**TO DO**
Strip out the pictures and output each remaining line of the data word for word.

**DATASET EXCERPT**
--- START ---

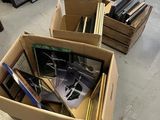 de nombreux livres dans une boîte posée par terre
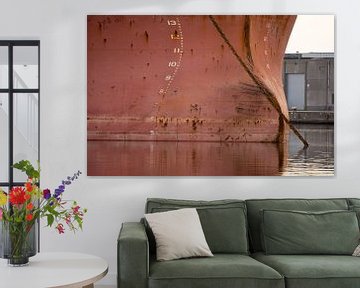 Een boeg en ankerkettingen een zeeschip van scheepskijkerhavenfotografie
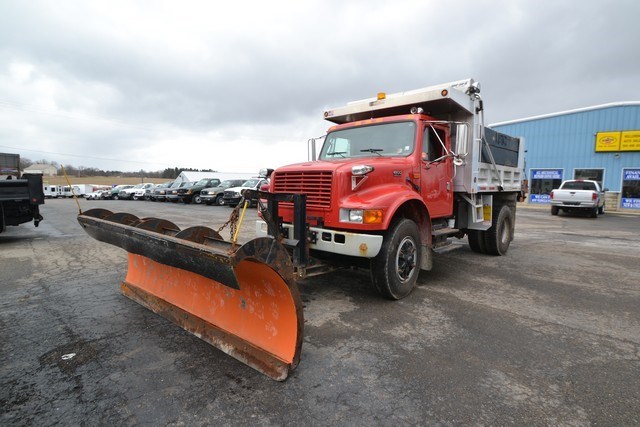 2002 International 4900  Dump Truck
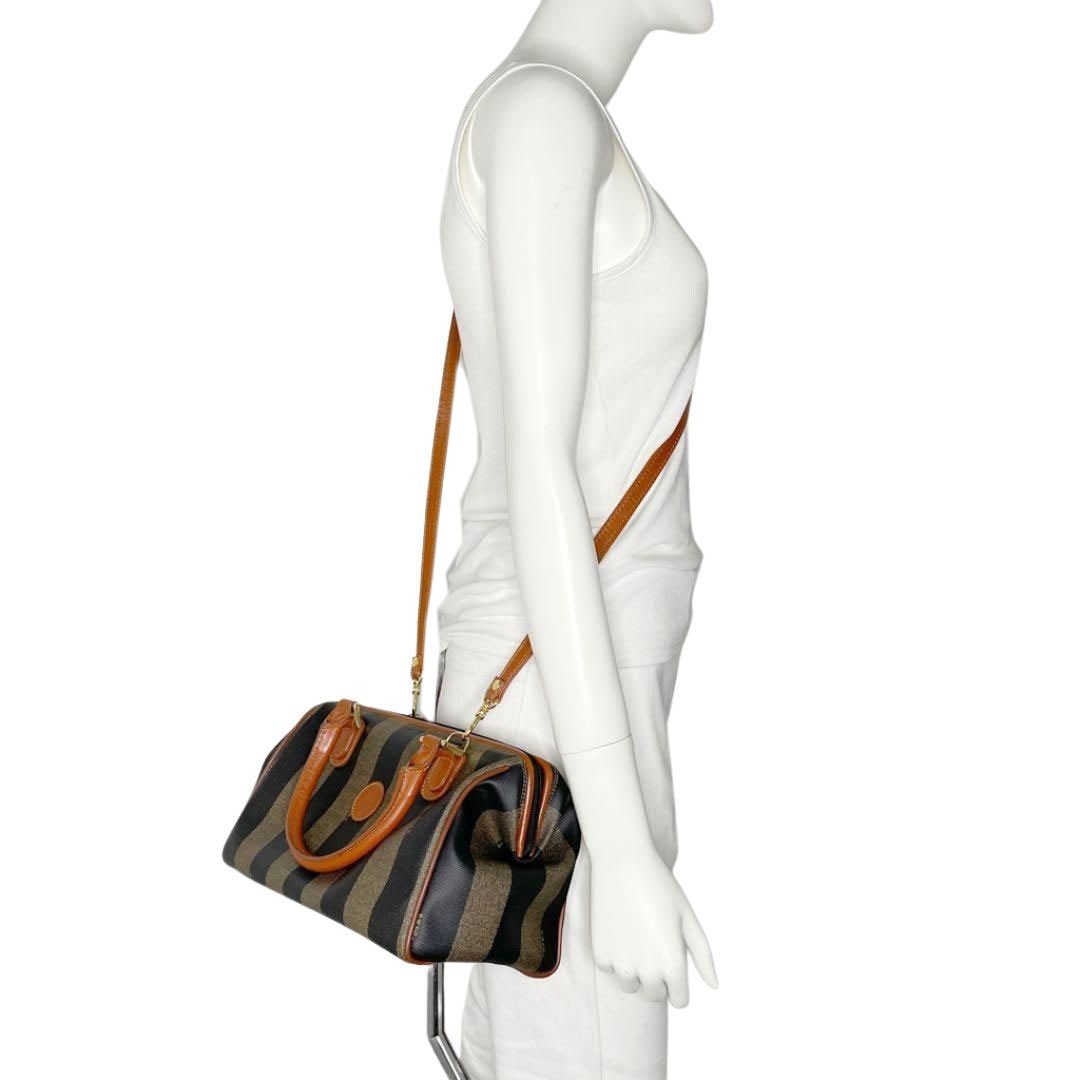 FENDI フェンディ 2WAYハンドバッグ ペカン ブラック ブラウン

--- END ---

**OUTPUT BELOW**
 de nombreux livres dans une boîte posée par terre
 Een boeg en ankerkettingen een zeeschip van scheepskijkerhavenfotografie
 2002 International 4900  Dump Truck
 FENDI フェンディ 2WAYハンドバッグ ペカン ブラック ブラウン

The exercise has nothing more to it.